Entries taken from a collection:
□ □ □ □

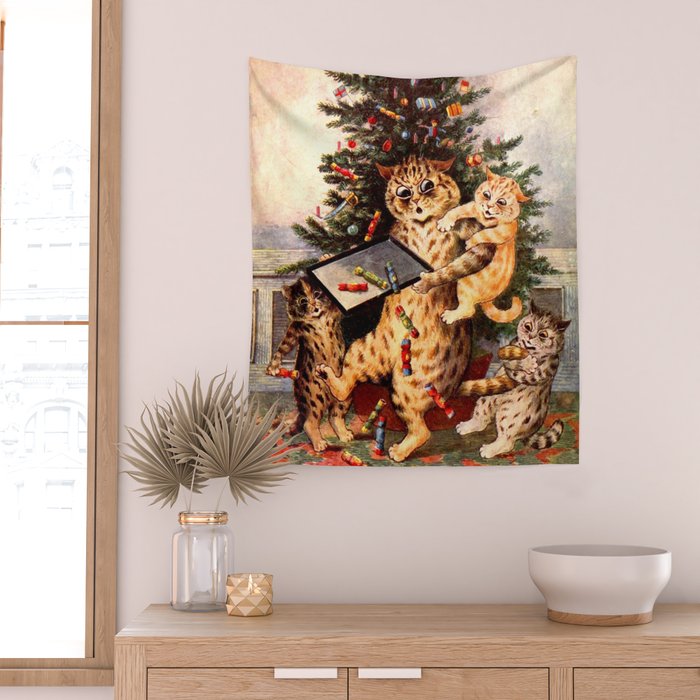 'Christmas Time In Catland' Louis Wain Vintage Cat Wall Tapestry Gallery Image 2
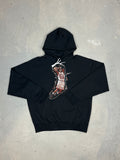 Black Hoodie with Basketball Man Patchwork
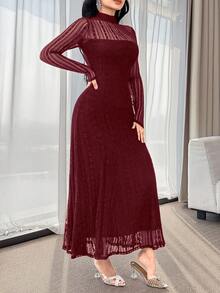 Feyla Đầm dài tay dáng chữ A thanh lịch bằng ren dành cho nữ - Màu Đỏ Sâu - Xem 4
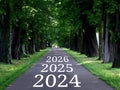 2024, 2025, 2026 Happy New Year Road Trip Travel And Future Vision Concept.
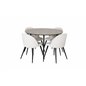 Silar Dining Table - Round 100 cm - "Wood Look"  Melamine / Black Legs, Velvet Dining Chair Corduroy - Beige / Black_4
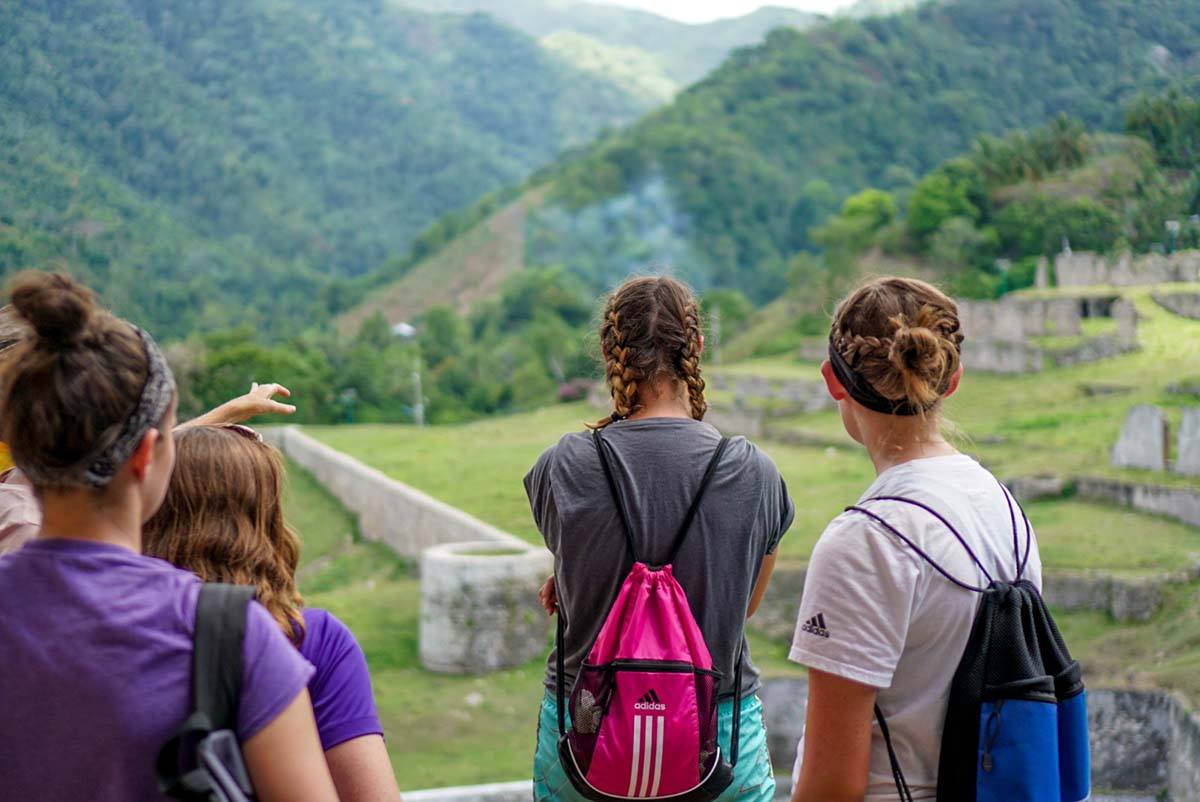 Haiti Trip - students overlooking ruins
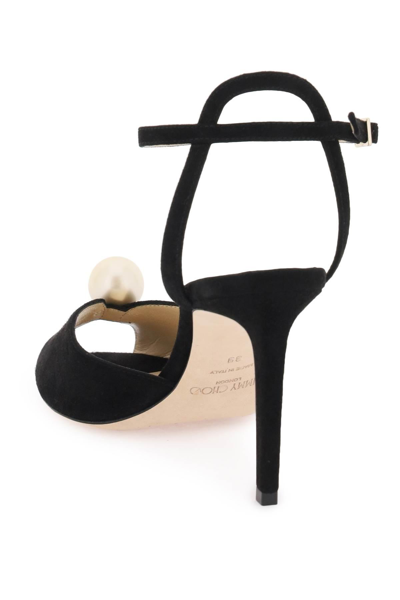 Shop Jimmy Choo Sacora 85 Suede Sandals With Pearl Ball In Black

□ □ □ □

With the pictures removed, return the data above word for word.

 'Christmas Time In Catland' Louis Wain Vintage Cat Wall Tapestry Gallery Image 2
 Black Hoodie with Basketball Man Patchwork
 Feyla Đầm dài tay dáng chữ A thanh lịch bằng ren dành cho nữ - Màu Đỏ Sâu - Xem 4
 2024, 2025, 2026 Happy New Year Road Trip Travel And Future Vision Concept.
 Silar Dining Table - Round 100 cm - "Wood Look"  Melamine / Black Legs, Velvet Dining Chair Corduroy - Beige / Black_4
 Haiti Trip - students overlooking ruins
 Shop Jimmy Choo Sacora 85 Suede Sandals With Pearl Ball In Black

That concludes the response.